Den Körper zu Markte tragen

NOT Arme Frauen lassen sich in Spanien auf die risikoreiche Eizellspende ein – die Wirtschaftskrise befördert das. Denn obwohl das Gesetz untersagt, dass für Eizellen Geld fließt, tut es dies doch

AUS MADRID REINER WANDLER

Ein Blick ins Internet zeigt, dass es in Spanien etwas gibt, das eigentlich verboten ist: „DRINGEND: Wir sind ein Paar aus Alcalá de Henares. Wir werden eine In-vitro-Befruchtung versuchen. (…) In der Klinik haben sie uns gesagt, dass wir eine Eizellenspenderin für ein anderes Paar suchen müssen. Und ein anderes Paar sucht für uns. … Es gibt eine Belohnung.“

In unterschiedlichen Foren suchen Frauen ganz offen Eizellenspenderinnen, andere bieten sich an und preisen ihr Aussehen, ihre Intelligenz. Rechtschreibfehler, wie sie so meist nur in Grundschulen vorkommen, zeigen, dass viele der Frauen aus einfachen Verhältnissen stammen dürften oder nicht richtig Spanisch können.

Eizellenspenden müssen per Gesetz, wie Organspenden auch, „uneigennützig“ sein. Spenderin und Empfängerin dürfen sich nicht kennen. Doch Privatkliniken zahlen 600 bis 1.000 Euro „Aufwandsentschädigung“ für die mehrere Wochen dauernde Hormonbehandlung bis zur Entnahme der Eizellen. Und wenn sich Interessierte und Spenderin – wie in der obigen Anzeige oft als Dreiecksgeschäft – vorab einigen, fließt, trotz Dementis aus den Kliniken, weiteres Geld.

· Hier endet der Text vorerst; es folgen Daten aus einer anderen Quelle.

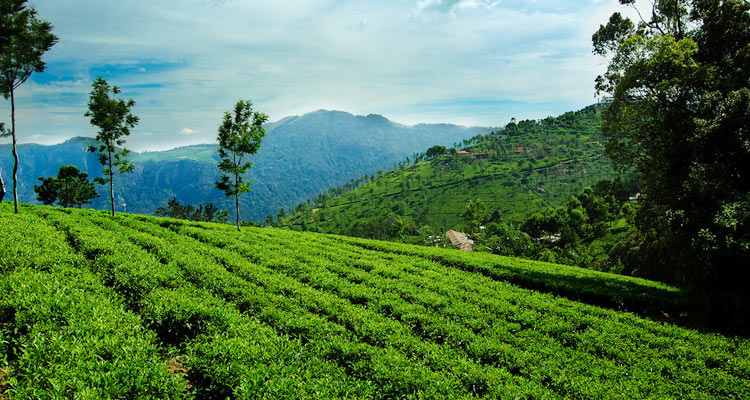 3 days tour packages in ooty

Rund 55 Prozent der europaweit gezählten Eizellenspenden finden in Spanien statt. Über 8.000 Spenderinnen sind das im Jahr. „In den letzten vier Jahren ist die Zahl der Frauen, die Eizellen spenden, sprunghaft angestiegen. Es fällt schwer zu glauben, dass dies nichts mit der schwierigen wirtschaftlichen Lage zu tun hat“, heißt es auf „Trótula crítica“, einer Seite für gynäkologische Themen. Seit Beginn der Krise – mit nunmehr 26 Prozent Arbeitslosigkeit, und unter Jugendlichen ist jeder Zweite ohne Job – ist die Zahl der Spenderinnen laut Presseberichten um 20 Prozent gestiegen. Im Internet wird die Eizellenspende ganz offen als Geldquelle gepriesen. „Ihr erinnert euch sicher an den Text über Samenspende. Dank der Scheißkrise nimmt die Zahl der Jungs, zu, die ganz ‚uneigennützig‘ etwas Geld dazuverdienen … Heute reden wir über die Eizellen“, heißt es auf einer Seite mit dem Namen „sin dinero“ – ohne Geld.

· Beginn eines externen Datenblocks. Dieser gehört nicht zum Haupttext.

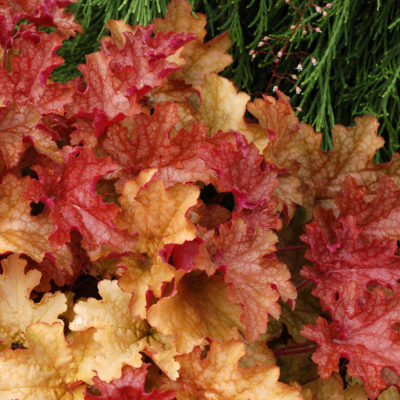 Heuchera 'Ginger Peach'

Das Gesetz hat eine wichtige Lücke. Spenderinnen werden nicht registriert. Ärzte empfehlen eine Obergrenze von drei Spendenzyklen, das Gesetz lässt bis zu sechs zu. Doch werden in der Presse immer wieder Fälle von Frauen bekannt, die weit mehr Spenden unternommen haben – aus Not.